Ms. Weiss’s lesson was based on one from Session 4 of this course. Discuss the ways in which her lesson was similar to and different from the one in Session 4. What adaptations did she make, and why?

**Note 2**

The purpose of the video segments is not to reflect on the teaching style of the teacher portrayed. Instead, look closely at the methods the teacher uses to bring out the ideas of number and operations while engaging her students in an activity.

**Problem A1
a. **The content is focused on the meanings of and models for operations — in this case, subtraction. Using different strategies and manipulatives, such as counting chips, gives students some basic insight into the nature of subtraction. They begin doing subtraction in the forms of take-away, comparison, or missing addend, even though they are not aware of it. Indirectly, the students also begin to gain knowledge of place value.

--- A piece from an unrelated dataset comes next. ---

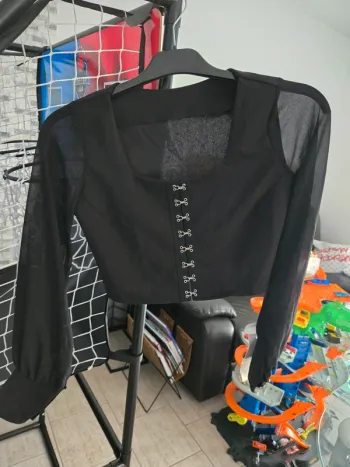 Haut noir habillé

To elicit student thinking, Ms. Weiss asks students to justify their answers — to provide a convincing argument that their answer is correct. She insists that they write something on their paper that shows why their answer works. Sometimes this brings to light an error the students made in their computations. In these cases, students often catch the error themselves, self-correct, and then continue their justification as though this new answer were the original one.

**Problem A2**

These students clearly understand the concept of subtraction and can apply the concept to the solution to a problem. However, there is no evidence that the students are using their knowledge of place value to help them solve the problems. The manipulative does not lend itself to any shortcuts in computation. Most students count each chip separately. Very few students attempt to group the chips so that counting or subtraction is more efficient — this appears to be new content to most of the students.

**Problem A3
**By having students use this manipulative, Ms. Weiss is trying to help them see the connections between their work with the chips and their work on paper. However, using the chip model does not force any grouping. Most students frequently lost their place, double-counted, or skipped chips as they tried to solve the problem.

**Problem A4**

The lesson touches on the concepts covered in Session 4 of this course. Ms. Weiss presents different meanings of subtraction in an introductory manner, where the students are gaining different experiences and making their own observations about those meanings. Unlike Session 4, you will see that this lesson focuses on comparing different manipulatives and induces students’ initial understanding of the efficiency of counting in groups (of 10). The lesson deals only with whole numbers.